On the convergence of the MLE as an estimator of the learning rate in the Exp3 algorithm
This addresses a methodological issue for researchers in experimental cognition and machine learning, providing theoretical insights into estimator efficiency in non-stationary, dependent data settings, but it is incremental as it builds on existing Exp3 and MLE frameworks.
The paper tackles the problem of estimating the learning rate in the Exp3 algorithm using the Maximum Likelihood Estimator (MLE), showing that estimation is inefficient with a constant learning rate but achieves polynomial-rate bounds for prediction and estimation errors when the learning rate decreases polynomially with sample size.
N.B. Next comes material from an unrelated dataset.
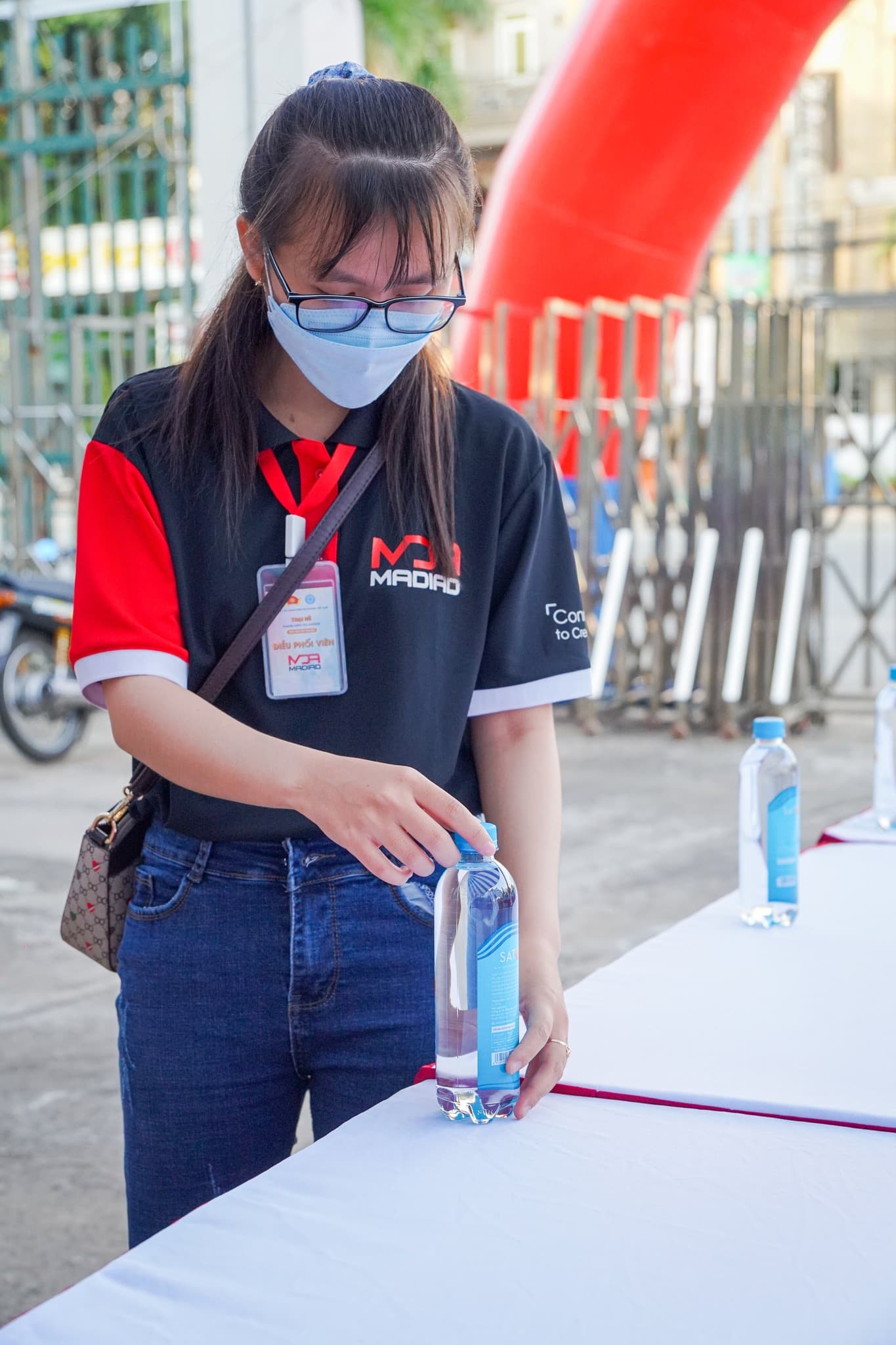 Intern at event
When fitting the learning data of an individual to algorithm-like learning models, the observations are so dependent and non-stationary that one may wonder what the classical Maximum Likelihood Estimator (MLE) could do, even if it is the usual tool applied to experimental cognition. Our objective in this work is to show that the estimation of the learning rate cannot be efficient if the learning rate is constant in the classical Exp3 (Exponential weights for Exploration and Exploitation) algorithm. Secondly, we show that if the learning rate decreases polynomially with the sample size, then the prediction error and in some cases the estimation error of the MLE satisfy bounds in probability that decrease at a polynomial rate.